The Solemnity of Corpus Christi is often used as an occasion to reaffirm the Real Presence of Christ in the eucharist. There is a good deal of uneasiness among Church authorities over a perceived loss of faith in this doctrine. Eucharistic “adoration” has been proposed as one remedy to fix this and the bishops are currently counting on a three-year National Eucharistic Revival to do it. Let it be said that eucharistic adoration can indeed enhance one’s personal prayer life as an expression of personal piety. But the eucharist, is in essence, an action, a reenactment, an event. It is what occurs when we gather to hear the Word and to break and share one bread and drink of the common cup in Christ’s name. 

The Church’s own teaching is that Christ is present in the eucharist in four ways: in the assembled people of God, in the Word of God, in the person of the minister, and especially in the eucharist broken and shared (Vatican II, Const. on the Sacred Liturgy, para. 7). All of these are deeply meaningful. And what I do know personally in the depths of my heart as I come forward to receive the eucharist, is that I am receiving the body and blood of Christ, the self-giving of Christ, the profound and very real presence of Christ. It is, after all, a mystery, not to be dismissed as out of reach but rather treasured as a gift. We do not unravel such a mystery; we enter into it.
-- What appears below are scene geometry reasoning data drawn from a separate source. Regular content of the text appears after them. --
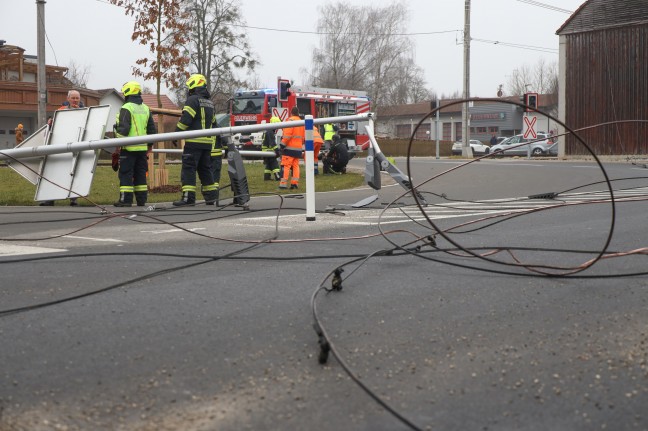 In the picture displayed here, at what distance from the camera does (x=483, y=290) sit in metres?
4.70

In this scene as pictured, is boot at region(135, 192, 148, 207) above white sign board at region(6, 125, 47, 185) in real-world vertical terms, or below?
below

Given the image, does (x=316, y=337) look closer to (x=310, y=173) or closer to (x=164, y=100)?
(x=310, y=173)

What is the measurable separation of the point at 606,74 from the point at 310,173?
1181 inches

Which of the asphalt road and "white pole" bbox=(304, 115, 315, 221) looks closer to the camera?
the asphalt road

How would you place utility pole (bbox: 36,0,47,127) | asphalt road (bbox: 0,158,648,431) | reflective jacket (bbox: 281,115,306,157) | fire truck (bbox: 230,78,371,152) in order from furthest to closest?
fire truck (bbox: 230,78,371,152), utility pole (bbox: 36,0,47,127), reflective jacket (bbox: 281,115,306,157), asphalt road (bbox: 0,158,648,431)

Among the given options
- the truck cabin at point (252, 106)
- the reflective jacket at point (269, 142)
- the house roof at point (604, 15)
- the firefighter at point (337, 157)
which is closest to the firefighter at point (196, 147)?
the reflective jacket at point (269, 142)

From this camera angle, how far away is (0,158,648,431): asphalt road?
2.72 metres

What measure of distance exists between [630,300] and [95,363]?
9.67ft

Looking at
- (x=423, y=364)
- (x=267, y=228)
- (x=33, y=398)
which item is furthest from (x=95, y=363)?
(x=267, y=228)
We intimately engage with this mystery as we are invited to come forth for communion. Having to confess “Lord, I am not worthy to receive you” is not engaging for two reasons. First, it’s another sordid reminder of the institutional Church’s history of dismissing its LGBTQIA+ members as unworthy. Second, in its scriptural context (Matthew 8.8) it has nothing to do with the eucharist. At our local chapter’s liturgy, we are invited to the eucharist as the presider raises the consecrated bread and wine and proclaims “God’s holy banquet for the holy people of God! Blessed are we who are called to this table. May the body and blood of Christ bring us to everlasting life.”

We approach with open hands, symbolizing our hunger and our readiness to receive the gift of Christ’s presence—and to become that gift for others. “The Body of Christ.” We reply “Amen’, a word with multiple meanings: So be it. As it is. Yes. Truly. I believe.

Jon Schum and his husband Ron Lacro are longtime Dignity Boston members. Jon has served on its board and liturgy committee and is one of the chapter's ordained presiders. For many years he supervised and provided arts-based therapeutic programming for an elder services agency in Boston. He is currently a co-facilitator of the Aging with Dignity caucus and board member at DignityUSA.